▶ **Required action**
The expected output is a verbatim reprint of the lines from the beginning of the data that follows through the line that contains "Les Bougainvilliers - 5".

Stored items
• • • • • • •

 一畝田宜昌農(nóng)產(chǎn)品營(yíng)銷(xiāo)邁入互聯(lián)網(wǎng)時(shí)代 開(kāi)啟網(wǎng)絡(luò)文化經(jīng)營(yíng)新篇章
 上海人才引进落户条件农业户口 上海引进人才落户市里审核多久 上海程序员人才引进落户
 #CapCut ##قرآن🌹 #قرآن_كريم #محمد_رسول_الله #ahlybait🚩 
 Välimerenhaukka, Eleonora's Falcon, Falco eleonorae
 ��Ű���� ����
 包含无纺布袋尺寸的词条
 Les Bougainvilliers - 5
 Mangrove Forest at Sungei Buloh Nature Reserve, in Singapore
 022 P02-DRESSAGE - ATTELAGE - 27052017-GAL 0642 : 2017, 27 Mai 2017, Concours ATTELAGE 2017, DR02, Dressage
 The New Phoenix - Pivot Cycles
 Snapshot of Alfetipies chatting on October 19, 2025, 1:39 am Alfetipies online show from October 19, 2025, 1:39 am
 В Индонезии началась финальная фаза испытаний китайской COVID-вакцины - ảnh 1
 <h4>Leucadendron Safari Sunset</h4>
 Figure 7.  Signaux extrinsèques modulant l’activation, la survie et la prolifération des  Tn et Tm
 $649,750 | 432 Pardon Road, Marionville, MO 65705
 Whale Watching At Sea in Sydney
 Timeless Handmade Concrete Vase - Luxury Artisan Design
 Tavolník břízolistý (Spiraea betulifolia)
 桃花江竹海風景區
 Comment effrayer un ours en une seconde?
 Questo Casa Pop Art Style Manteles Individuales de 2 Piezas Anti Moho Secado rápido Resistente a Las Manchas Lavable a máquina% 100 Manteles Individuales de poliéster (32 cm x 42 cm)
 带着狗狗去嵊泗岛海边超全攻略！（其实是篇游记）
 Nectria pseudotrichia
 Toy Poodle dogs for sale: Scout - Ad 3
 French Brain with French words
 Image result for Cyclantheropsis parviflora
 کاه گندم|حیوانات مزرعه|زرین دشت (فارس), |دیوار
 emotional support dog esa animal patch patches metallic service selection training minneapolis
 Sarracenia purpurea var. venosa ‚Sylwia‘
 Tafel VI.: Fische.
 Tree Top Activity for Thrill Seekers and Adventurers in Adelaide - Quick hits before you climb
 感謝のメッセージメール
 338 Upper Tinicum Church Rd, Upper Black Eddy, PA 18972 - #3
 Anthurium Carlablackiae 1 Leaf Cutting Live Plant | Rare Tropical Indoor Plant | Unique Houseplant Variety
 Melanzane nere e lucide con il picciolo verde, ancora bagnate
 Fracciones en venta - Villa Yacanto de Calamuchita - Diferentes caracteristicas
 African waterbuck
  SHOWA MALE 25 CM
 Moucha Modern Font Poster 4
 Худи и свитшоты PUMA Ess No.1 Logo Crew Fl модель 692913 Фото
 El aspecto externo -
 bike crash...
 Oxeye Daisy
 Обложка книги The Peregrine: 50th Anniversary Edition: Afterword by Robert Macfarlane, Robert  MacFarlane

• • • • • • •

▶ **Task result**
 一畝田宜昌農(nóng)產(chǎn)品營(yíng)銷(xiāo)邁入互聯(lián)網(wǎng)時(shí)代 開(kāi)啟網(wǎng)絡(luò)文化經(jīng)營(yíng)新篇章
 上海人才引进落户条件农业户口 上海引进人才落户市里审核多久 上海程序员人才引进落户
 #CapCut ##قرآن🌹 #قرآن_كريم #محمد_رسول_الله #ahlybait🚩 
 Välimerenhaukka, Eleonora's Falcon, Falco eleonorae
 ��Ű���� ����
 包含无纺布袋尺寸的词条
 Les Bougainvilliers - 5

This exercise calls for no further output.